Thursday, August 21, 2014

Great Careers For Women Who Want a Life: How Do Women Make Career Choices Today?



How do women make career choices today? Great career choices for women who want a life may vary because what women call a life, may differ from one woman to another regardless of her age.

“I do not want to be a professor. I would have to bury my head in the books, all the time.”

“Do you want to become a doctor, a lawyer or a minister, then? Perhaps you would prefer to be a nurse, secondary school teacher or a stewardess?” (Note that these were likely career options in her parent’s era.) 

The choice of a professional career only becomes a viable option nowadays, when it is a choice a young woman or an older woman wants to make.

“Maybe I should train as a policeman like my uncle Pete, or a fireman like you, Dad?” Her parents are shocked.

“We want you to have a professional career and we can help to pay for it.”

“But, I want a life,” the young woman tells her stunned parents.

More.com suggests that today, becoming a financial adviser is one suitable career option for a woman who wants a life.

“That used to be a male banker’s career,” comments her mother, as a concerned parent. “Why not become a receptionist, like I did?”

What wanting a life means to one, young woman may not necessarily be what other young women think it means. For example, to one young woman, it may mean an active social life. To another, it could mean a high level of freedom with financial independence. Another young woman’s career may not take precedence at all, simply because what she wants is to be a mother, following her natural instinct as a woman. Motherhood may become her career, if she chooses to go that direction in life. Maybe she will choose another career like being a kindergarten teacher, in conjunction with motherhood. Perhaps she has a high level of intelligence and could do medical research.       

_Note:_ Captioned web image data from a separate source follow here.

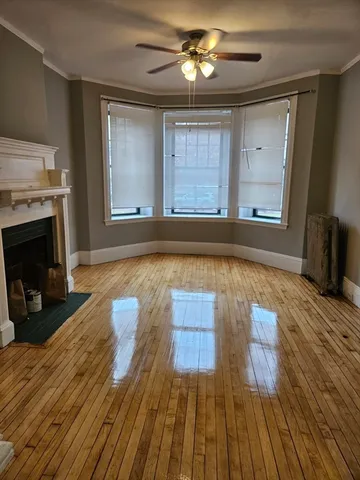 a view of empty room with wooden floor and fireplace
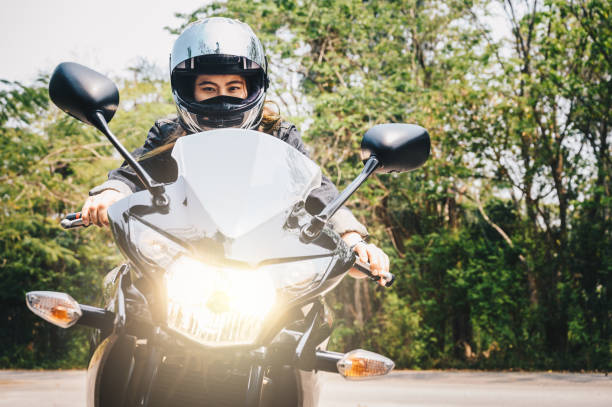 istock Confidence Asian woman wearing a motorcycle helmet before riding. 1400522666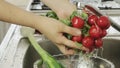 Woman washin vegetables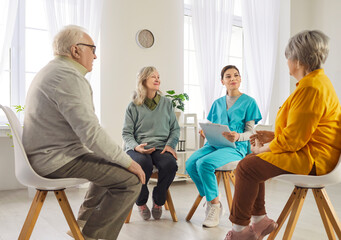 Group of elderly people sitting on chairs in circle with young female caregiver in bright room. Happy seniors sharing thoughts during therapy session, fostering emotional support and connection.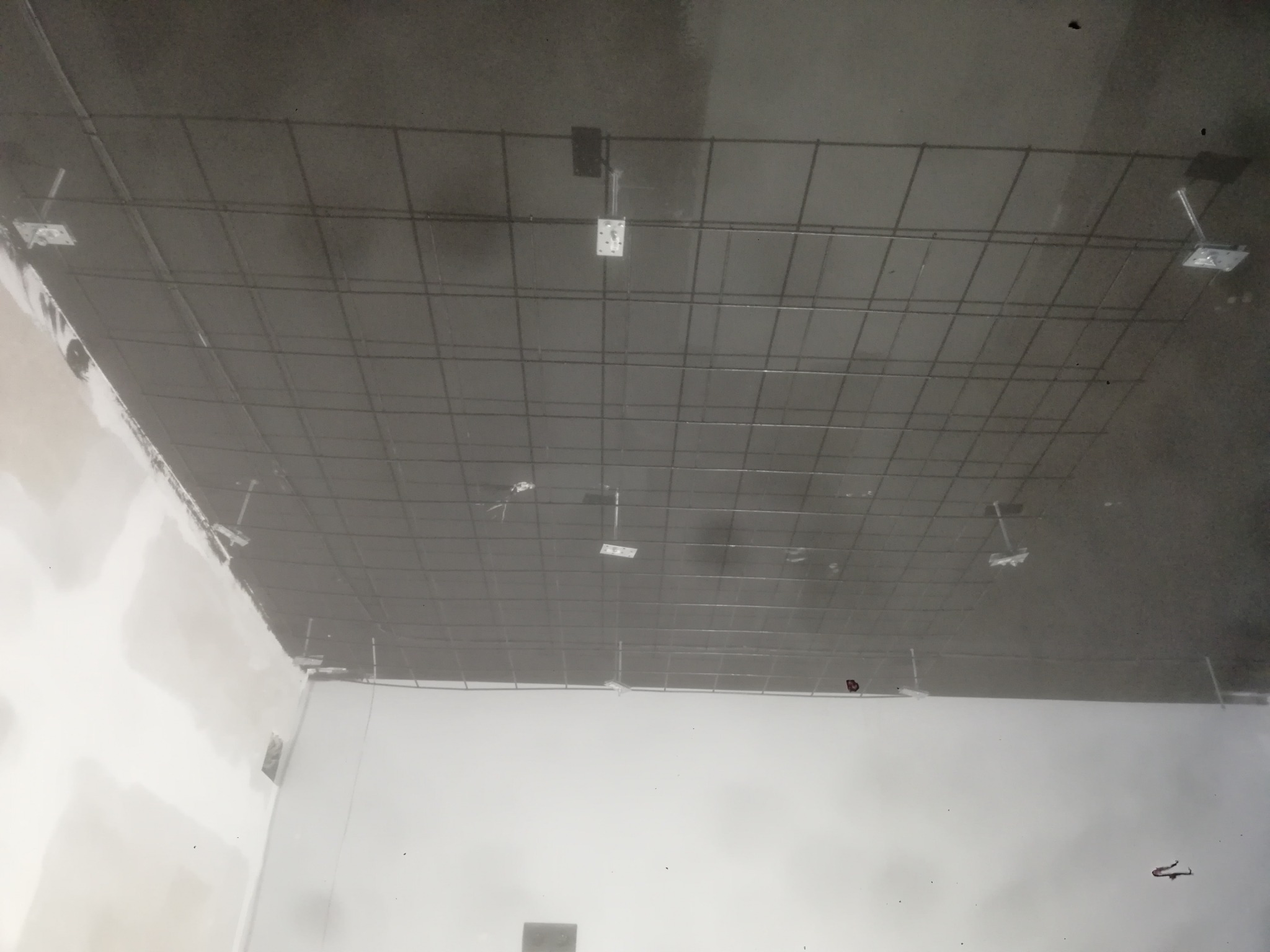 Montaż stelaża pod sufitem napinanym w trakcie prac wykończeniowych w Białystoku. Widoczna metalowa konstrukcja siatkowa przymocowana do sufitu, przygotowana do naciągnięcia membrany.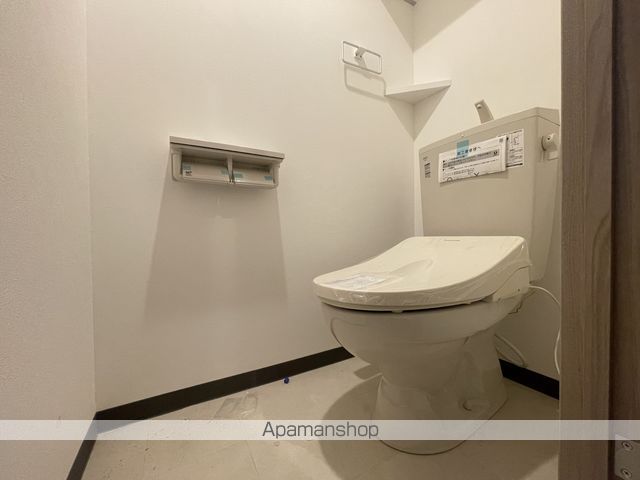 地下鉄東西線 二十四軒駅 徒歩5分 4階建 築1年のトイレ写真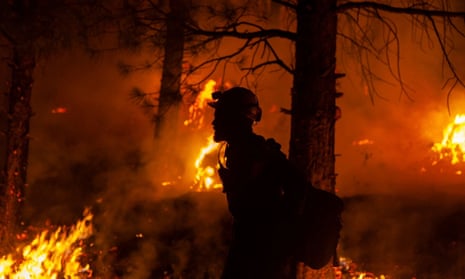 A firefighter during operations to contain the Bootleg fire, which has been raging out of control across Oregon for weeks and has spread to an area 25 times the size of Manhattan. 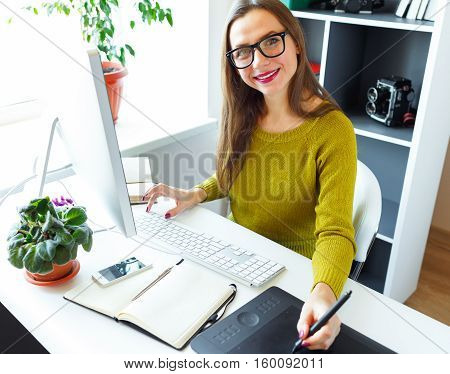 Young artist drawing something on graphic tablet at the home office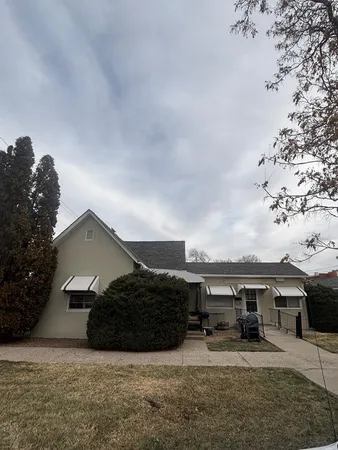 a view of a house with a yard and roof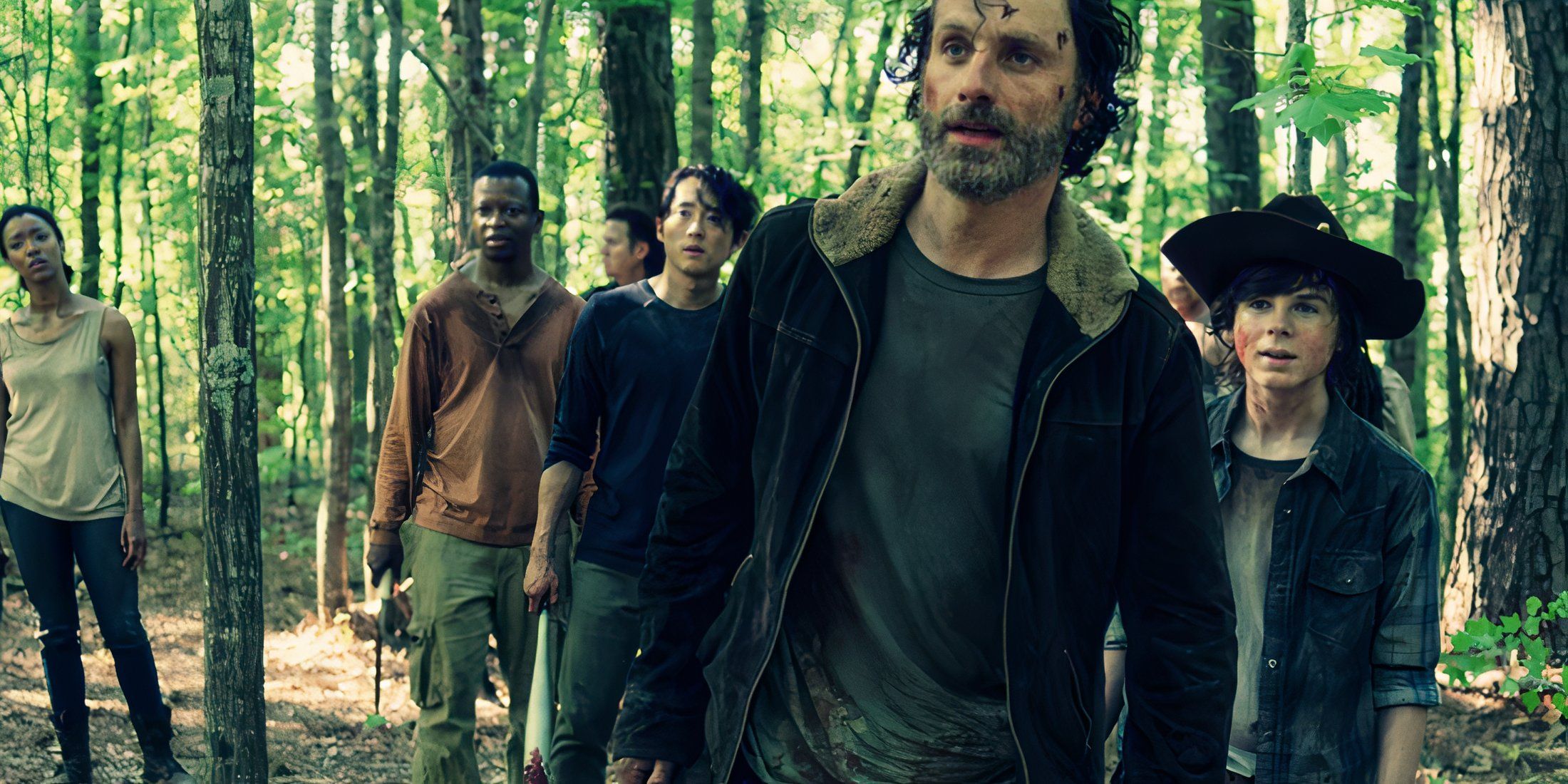 Rick and the gang walking through a forest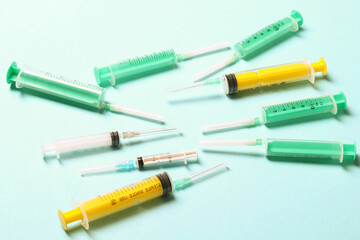 Fototapeta premium Top view of medical syringes with needles at blue background with copy space. Injection treatment concept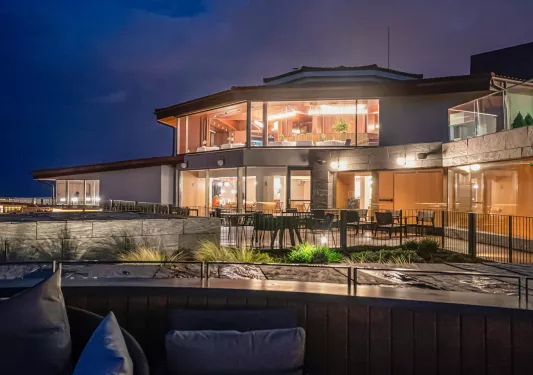 Nighttime exterior view illuminated building with large windows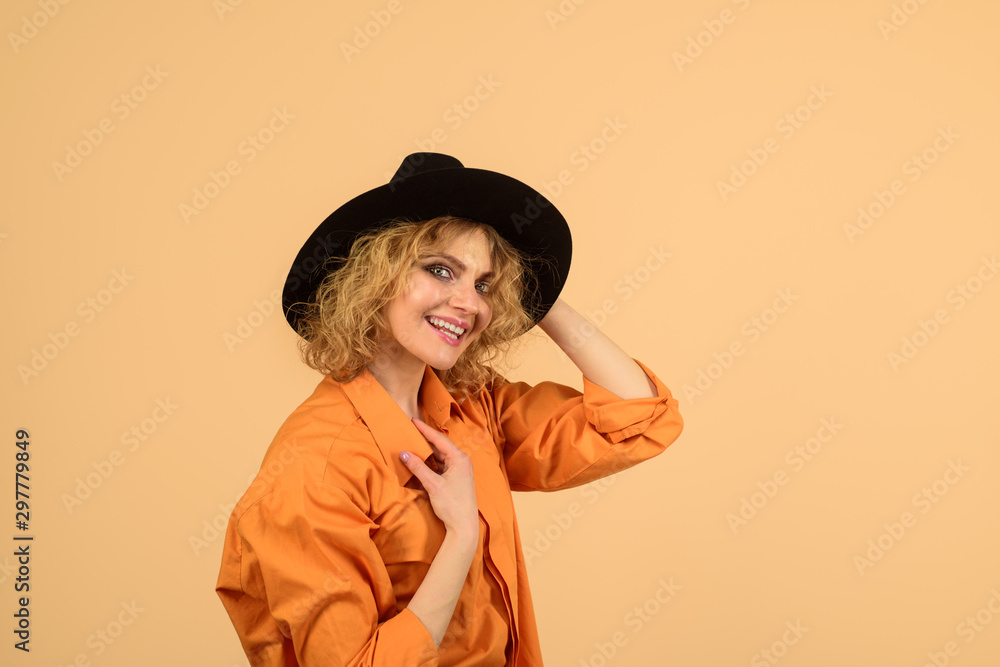Female autumn fashion. Happy girl in black hat. Beauty, fashion, female accessories. Sexy girl with bright makeup. Fashionable woman in hat and orange shirt. Stylish sexy blonde model in black hat. Female autumn fashion. Happy girl in black hat. Beauty, fashion, female accessories. Sexy girl with bright makeup. Fashionable woman in hat and orange shirt. Stylish sexy blonde model in black hat.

There is no such thing as an ideal career for every woman. A lot depends upon her personal desires, academic ability and her ability to afford a predetermined level of education.

Parents often try to set career goals for their daughters. Many of these are realistic and appropriate. When career goal set by parents do not match the career goals of a young woman, she may feel frightened, threatened and trapped into having to meet her parent’s expectations. Even though she wants to please them, there may be strong resistance on her part. She may be unhappy or even become ill because of it. Over time, her career choice may become a bone of contention between them.

“I’d like to be an artist, a musician or a dancer.”

“Those are not professional careers,” her angry father states.

“That depends,” argues his daughter.

Career counseling for young women is a growing field because there are increasing numbers of open doors associated with potential careers for women. This also includes careers for older women, baby boomers and even seniors.  

No longer are professional career choices limited to what they were years ago, when parents were making their daughter’s career choices. They are not gender-restricted, either. A woman can pursue a career normally assigned to the male gender, as long as she has the appropriate education, training and ability, as well as the desire to do so. 

Career suitability and adaptability is often evident early in a young woman’s life. Exposure to a wide range of options as a child and teenager is important. This may be possible by attending a multiplicity of job fairs or visiting a wide variety of places of employment like different kinds of businesses, employment centers, companies of different kinds, etc. to see what certain careers entail. Sometimes having a role model or mentor like a family doctor, makes the decision easier for a young woman.

“Do you want to be a secretary?”  

“I want to own my own computer games business,” suggests the young woman. “But maybe I should become a geneticist or an astronaut. I could be a spy.”

Rather than being horrified at a young woman’s potential career choices, it is a good idea to encourage her to research them fully. Allowing her to make the decision and encouraging her to work towards her goals realistically, as well as academically, is important.

Remember that career choices change, as do young women and older women.

“I want a life!”

What does that mean? Only she knows what it really means for her. Maybe she is talking about the excitement and fun associated with traveling around the world; maybe to her it means traveling around the world, as in outer space, or in virtual out space through computer games? Who knows?